SEC. 8. (a) Upon the termination of the transfer period, the operating agency last designated by the President, shall, as promptly as possible consistent with sound operating procedures, take out of production and place in adequate standby condition the rubber-producing facilities which shall not have been sold. At any time after the termination of production, such facilities may be transferred without reimbursement or transfer of funds to the General Services Administration and administered in accordance with the provisions of sections 6, 7, and 8 of the National Industrial Reserve Act of 1948, as amended (62 Stat. 1227, 50 U. S. C. 456–458), or to such other agency as the President may designate for administration in such manner as he may direct. In such event (1) no such facility shall thereafter be operated as a rubber-producing facility for the account of, or by, the Government except pursuant to further Act of Congress ; (2) no such facility, other than alcohol-butadiene facilities, shall be leased for operation as a rubber-producing facility at any time: Provided, That nothing contained in this Act shall preclude the leasing of alcohol-butadiene facilities for purposes other than the manufacture of alcohol butadiene so long as such leases are in accordance with the provisions of section 8 (a) or section 9 (f) of this Act; and (3) no such facility shall be disposed of by sale within a period of three years from the termination of the transfer period, and in any subsequent lease or sale, the Government agency acting under authority of this section shall within a reasonable time and in no event less than sixty days prior to the lease or sale, request the advice of the Attorney General as to whether the proposed lease or sale would tend to create or maintain a situation inconsistent with the antitrust laws. The Attorney General shall give his advice within forty-five days of the receipt of such request. Upon the request of the Attorney General, the Government agency shall furnish, or cause to be furnished, such information as it may possess which the Attorney General determines to be appropriate or necessary to enable him to give the advice called for by this section.
(b) Whenever any transfer to any Government agency is made pursuant to this section, all unexpended funds budgeted as provided in section 9 (e) for standby and maintenance in such condition shall also be transferred.

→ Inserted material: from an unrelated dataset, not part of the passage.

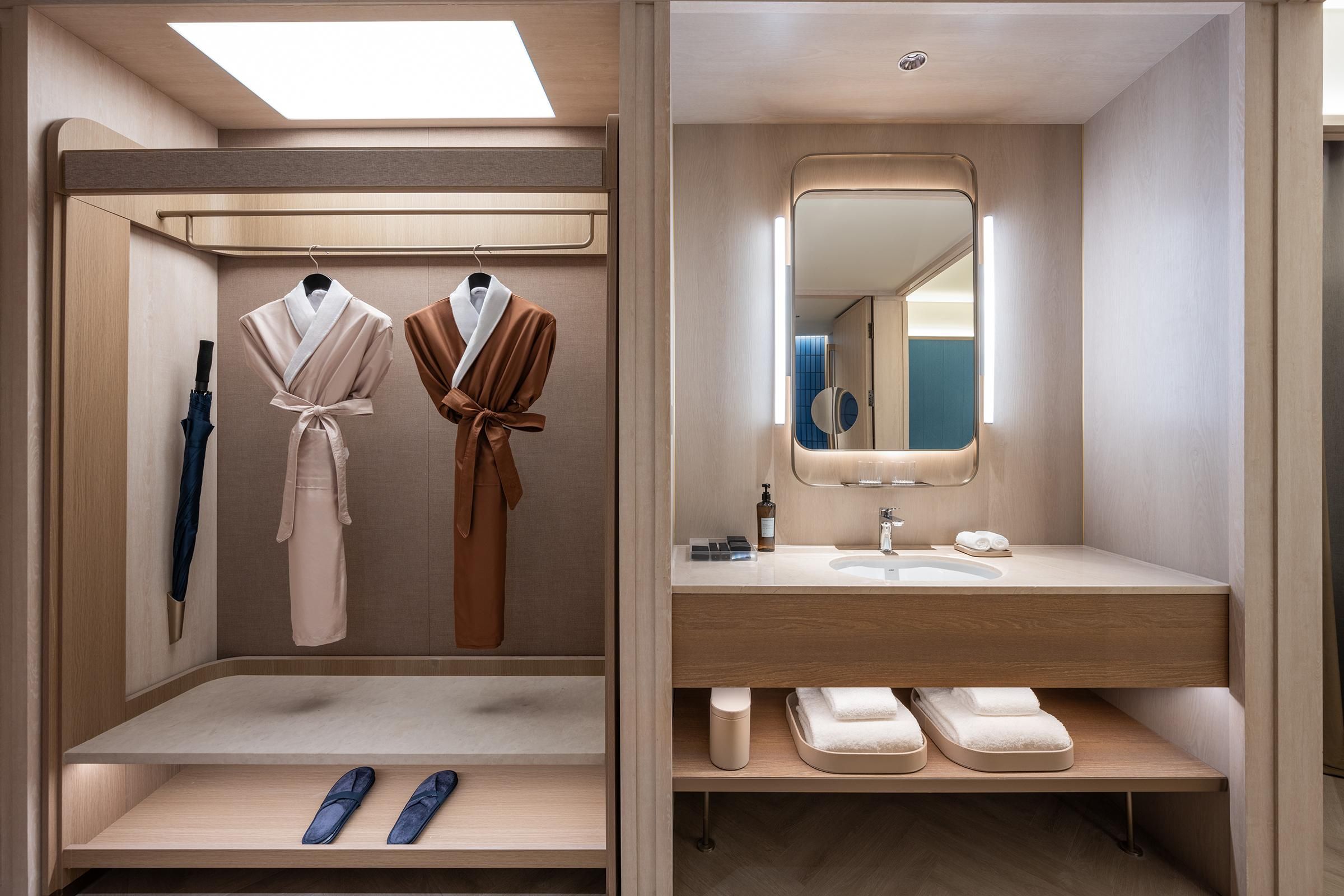 A modern bathroom with a vanity, mirror, and storage shelves.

SEC. 9. (a) Not later than thirty days after the termination of the negotiating period provided in section 7 of this Act, and in no event later than January 31, 1955, the Commission shall prepare and submit to the Congress a report setting forth
(1) the steps taken to elicit proposals and the proposals which have been received;
(2) the principal terms of all sales contracted for and the Commission's recommendations in respect thereto;
(3) in the event that there may have been a financially more advantageous proposal for any rubber-producing facility than the sale recommended, a statement of the reasons why such sale is nevertheless proposed;
(4) the statement from the Attorney General setting forth findings approving the proposed disposals in accordance with the standards set forth in section 3 (c) of this Act;
(5) the program to be followed to place in standby condition the rubberproducing facilities not sold;
(6) an inventory report concerning the Government's current stocks of synthetic rubber and its component materials;
(7) a program for the continuance, to the extent it deems necessary, during the fiscal year following the fiscal year in which the transfer period terminates, of the research program on synthetic rubber and its component materials then being carried on by the operating agency; and
(8) the names of persons who have represented the Government or the purchasers in conducting negotiations or in making contracts for disposal of
the rubber-producing facilities. (b) The report shall be submitted to both Houses of Congress on the same day. Upon the expiration of sixty days of continuous session of the Congress following the date upon which the report is submitted to it, the Commission shall proceed to carry out the contracts and proposals, as outlined in its report, to the extent that such contracts and proposals are not disapproved by either House of Congress by a resolution within the sixty-day period. (c) For the purposes of subsection (b) of this section
(1) continuity of session shall be considered as broken only by an adjournment of the Congress sine die; but
(2) in the computation of the sixty-day period there shall be excluded the days on which either House is not in session because of an adjournment
of more than three days to a day certain. (a) No rubber-producing facility shall be sold or leased except in accordance with this Act, or in accordance with section 7 (d) (4) of the Rubber Act of 1948, as amended.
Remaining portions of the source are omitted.